As children, we saw the world as a very simple place. We thought we knew everything, and that nothing would ever hurt us. Oh how we were wrong, almost all of the time.
Weelie92 asked: What's the dumbest idea you had as a child?
A happy ending, at least?
"I once tried to build my own trampoline.
Placed four chairs a good distance apart, spread a bed sheet across them, and put something heavy to hold down the sheet. Now, a smart person would test this, make sure it's going to hold my weight or actually work like a trampoline.

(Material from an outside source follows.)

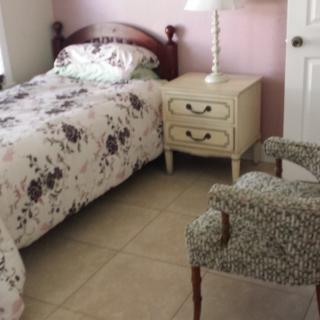 A cozy bedroom with a single bed featuring floral bedding, a nightstand with a lamp, and an armchair.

I did not take any such precautions, and took a dive face first from the back of the couch.
And that's how I got the scar on my forehead.
I did get a real trampoline when I was older though, never even got hurt on it."
"I dug a hole in the back yard thinking I could build an underground house. My mum ended up falling into it when she went to hang some shirts on the laundry line. Luckily she didn't get hurt."
They're lucky they didn't learn the hard way.
"I remember reading The Boxcar Children and I was convinced that anyone who was like 13 years old was basically an adult, and could survive by themselves.
My parents were constantly finding the hoard of canned food and camping supplies that I was trying to squirrel away in order to just f**k off and try to live in the woods."
"I tried to roast marshmallows on steam from the dishwasher."
They'll value their sleep once they hit adulthood.Giphy
"That the world was stupid for thinking 6-8 hours sleep was necessary. For about one academic year, I stayed up till about 3am playing games or watching films or even doing last minute homework and woke up at 6 for school.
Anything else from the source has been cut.